If you’re going to talk about Steven Spielberg’s latest adventure film The Adventures of Tintin, you have to talk about the motion capture animation that it employs to bring its world to life. The process has been famously used by Robert Zemeckis on films like The Polar Express and A Christmas Carol, and generally everyone agrees that the blending of live action acting with an animated overlay ends up producing a creepy end product. First off, let’s be clear, the way Spielberg uses it here is different from what I’ve seen from Zemeckis. He goes for a more animated, less photo real aesthetic, and the effect is that the creepiness is greatly lessened. And where this format really sings is in the action sequences.

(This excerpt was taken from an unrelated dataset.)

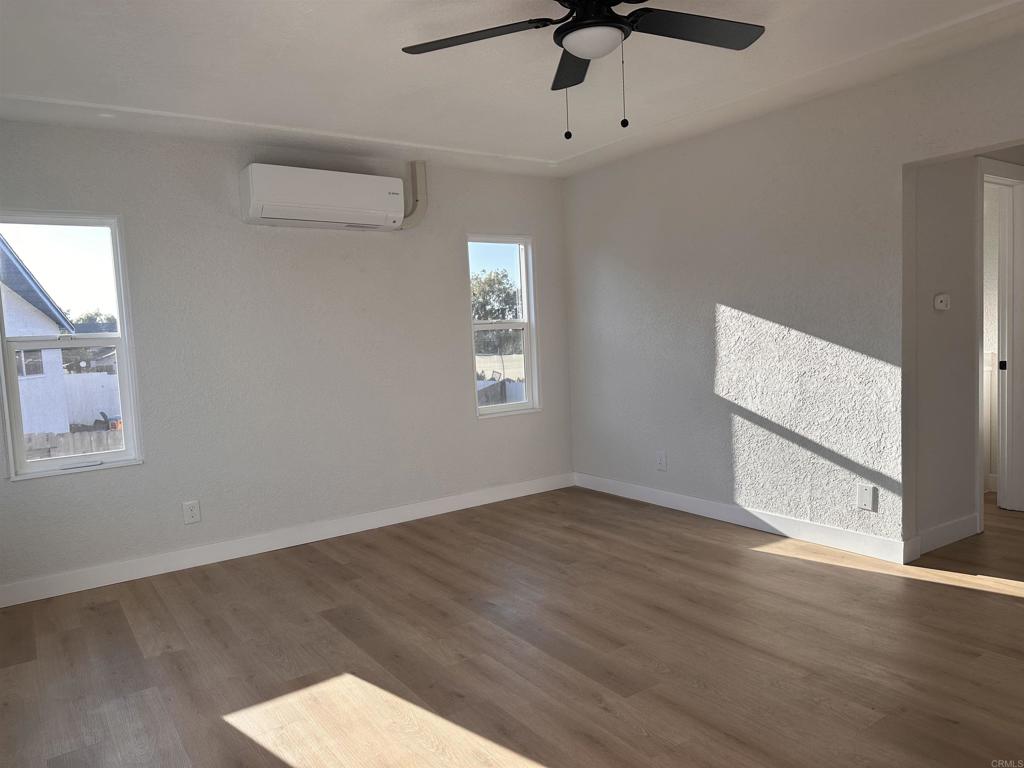 5412 Cervantes Avenue San Diego, CA 92114 - Photo 15 of 28 an empty room with wooden floor ceiling fan and windows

You still get the limitless imagination and scope of the animated medium, but because an element of the image is real people moving, it somehow makes the thing more believable and grounded.

There are some things here that annoyed me, like Tintin speaking every thought that went through his head out loud; that’s a pretty lazy way to push your story forward. And yet, at the same time it’s authentic to the comic strip medium that the Tintin characters originate from. Without all of the cheesy, expository dialogue I’m not sure if this would pack all of the nostalgic power that it does, so I’m not sure whether to cite that as a negative or not. And you really have to marvel at how much fun the action elements are. Tintin looks pretty unassuming, but in actuality he’s a total badass mixing it up in matters of blood and violence that feel far too explicit for a family film to get away with these days. But I guess that’s just the magic of being Steven Spielberg, the man that the PG-13 rating was invented because of. And we haven’t even gotten into the drunkenness of the Captain Haddock character and how Tintin needs to keep feeding him booze so that he will remember the keys to the puzzle at the center of the film. This film is full of stuff that plays as absurd and offensive to modern eyes. High five! That sort of stuff is tons of fun, and we need more of it.

No matter how taken I was by a sequence that was half pirate ship battle, half drunken hallucination on the part of Captain Haddock, however, I still keep coming back to that issue of the motion capture animation. They still just haven’t been able to make it work when it comes to characters emoting. Whenever you get a straight on view of a character’s face for more than a second or two the effect is super creepy. There’s just no light in their eyes, but they’re moving so naturally. Stunning action notwithstanding, the technology here still has some kinks to work out before one of these things is going to be considered a complete success. People aren’t going to totally love a family film that’s giving them the heebie-jeebies, no matter how much parts of it remind them of Raiders.